Basically what I am curious about is that the GR solutions I know of are either vacuum solutions (Schwarschild, Kerr etc) or rely on complete homegenaity and isotropy such as the FLRW solutions. I also know that analytically the 2 body problem is not completely solved, though I think with some approximations can be determined, but certainly the N-body GR problem is far from solved analytically.

There are sophisticated Magneto-Hydro-Dynamic simulations of GR modelling such things as Neutron star collapse, but these as far as I have found all assume the 'test fluid' approximations where the underlying space-time is fixed and unaffected by the fluid.

Does anyone know of any work performed (references would be great!) on numerical simulations dealing with a full arbitrary GR model where the mass curves the space that then directs the mass to accelerate with the full feed-back between the two. Clearly such a thing would be very hard and require a lot of computation, but I can't find any examples where this possibility is even discussed. If I could even find a source that explains exactly why this could not be done that would be a great help.

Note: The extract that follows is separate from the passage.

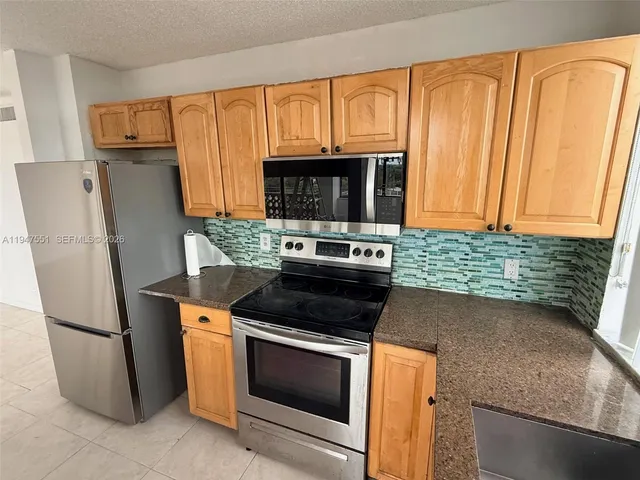 a kitchen with stainless steel appliances granite countertop a refrigerator stove and microwave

Can anyone point me in the right direction?

 

[JesseM]

I'm not sure, but wouldn't something like this have had to be true of the simulated black hole collision described here? From the article:

NASA scientists have reached a breakthrough in computer modeling that allows them to simulate what gravitational waves from merging black holes look like. The three-dimensional simulations, the largest astrophysical calculations ever performed on a NASA supercomputer, provide the foundation to explore the universe in an entirely new way.

According to Einstein's math, when two massive black holes merge, all of space jiggles like a bowl of Jell-O as gravitational waves race out from the collision at light speed.

Previous simulations had been plagued by computer crashes. The necessary equations, based on Einstein's theory of general relativity, were far too complex. But scientists at NASA's Goddard Space Flight Center in Greenbelt, Md., have found a method to translate Einstein's math in a way that computers can understand.

...

Einstein's theory of general relativity employs a type of mathematics called tensor calculus, which cannot be turned into computer instructions easily. The equations need to be translated, which greatly expands them. The simplest tensor calculus equations require thousands of lines of computer code. The expansions, called formulations, can be written in many ways. Through mathematical intuition, the Goddard team found the appropriate formulations that led to suitable simulations.

 

[Wallace]

This is still a vacuum solution as the mass is confined to two infinately small points, but the spacetime is clearly being evolved dynamically. Not exactly what I was after but the PhRevD article on this might prove a usefull starting point for me.

Thanks JesseM

 

[Chris Hillman]

I think you want the notion of a "perfect fluid solution"

Hi, Wallace,

I'm entering this thread some time after it appears to have become exinct, but it looks to me like you probably want to read about perfect fluid solutions in gtr. There is a huge literature on this. In fact, there is a huge literature on just the simplest class of such solutions, the static spherically symmetric perfect fluid solutions. See the monograph Exact Solutions of Einstein's Field Equations, by Stephani et al, Second Ed., Cambridge University Press, 2001. Then you can search the arXiv; look especially for papers coauthored by Matt Visser on the static spherically symmetric perfect fluids, wherer there have been major advances since 2001.

In addition to perfect fluids, which are suitable for modeling stars, you might also try looking for models of elastic solids. You would probably also be interested in null dust solutions which can be used to model for example the influx of incoherent massless radiation into a black hole, such as the well-known Vaidya null dust.

Chris Hillman